2. What to see in Palermo: 3 places not to be missed

The Byzantine gold of church mosaics, the revelry of the Baroque in the popular quarters, the cheerful commotion in the historic markets of Vuccirìa and Ballarò: what to see in Palermo? There are many alternatives, but we suggest three.

  • Abandon yourself to the spiritual side of Palermo with its cathedral: a huge building dedicated to Our Lady of the Assumption that was built on a former Christian basilica, transformed into a mosque by the Saracens and converted to Christian worship by the Normans. Besides its intriguing history, it houses the remains of the Sicilian royals Frederick II and Roger II and those of Saint Rosalia, the patron saint of Palermo.
  • Marvel at the magnificence of one of Palermo's iconic monuments: Palazzo dei Normanni, a fortress built by the Arabs in the 9th century and later extended by the Normans.

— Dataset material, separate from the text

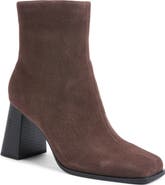 Open Edit Liora Leather Bootie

The rooms are adorned with exquisite mosaics depicting scenes of hunting, and the Palatine Chapel is decorated with the most beautiful Byzantine mosaics in all of Sicily.

Dream in one of Palermo's temples of music: the Teatro Massimo in Palermo, built in 1866 on a location where there were three churches and as many monasteries, and is the subject of a fascinating legend: it seems that one of the nuns whose tomb was destroyed still roams there.

3. 3 tips for things to do in Palermo

What to do in Palermo among the many alternatives that this beautiful and bold city offers to those who visit it? Start with these three.

First, a trip up to the Sanctuary of Saint Rosalie, a spiritual experience that will also give you a wonderful view of the city. Built in the 17th century on the site of earlier religious buildings, the sanctuary was dedicated to the city's patron saint.

Then a trip to the Mondello beach in Palermo, just 11 km from the city centre. A paradise for those who love the sea life, with fine sand and crystal clear sea, it is considered one of the most beautiful beaches in Palermo.

When you have come this far, you will know what the third thing to do is. A tour by boat, recommended also for those who want to enjoy water sports, to explore the magnificent gulf of Mondello. 

4. What to eat in Palermo: 3 specialities

Deciding what to eat in Palermo is both simple and very difficult, because of the variety of Sicilian and Palermo cuisine in particular: it is not without reason that the city enjoys the title of European Capital of Street Food.

  • You should not miss out on stigghiola, a traditional dish made from the intestines of lamb. Don't ask how it is made, just taste it and you won't regret it.
  • The second staple of Palermo cuisine is the anelletti al forno, which comes in two versions and as many schools of thought: ragout and peas or tomato sauce and aubergines.
  • Lastly, the Palermo sfincione, a long, soft pizza with a sauce of onions, Sicilian caciocavallo cheese, breadcrumbs, oregano and anchovies.

But if you had a "little space" left, you could also have arancine, pane e panelle, and crocchè, pani c'a meusa (bread with spleen), cannoli...

5. Unique places in Palermo

Palermo is full of unusual places, and anyone who has been to this bustling, outspoken city at least once will not be surprised.

Starting with the Pretoria Fountain, made in 1554 by the sculptor Camilliani to decorate a Florentine villa, it was purchased by the Palermo Senate and arrived in Palermo dismantled in 644 pieces. It was reassembled in a different way from the original design.

Don't miss Santa Maria dello Spasimo, an event centre converted out of an unfinished church in the Kalsa district: to watch a show or the stars, as the building has no ceiling, and Palazzo Chiaramonte Steri, built in 1320 by Manfredi I and belonging to the Chiaramonte family, it represented one of the most important families in western Sicily. Nowadays, it is the headquarters of the Rectorate of the University of Palermo.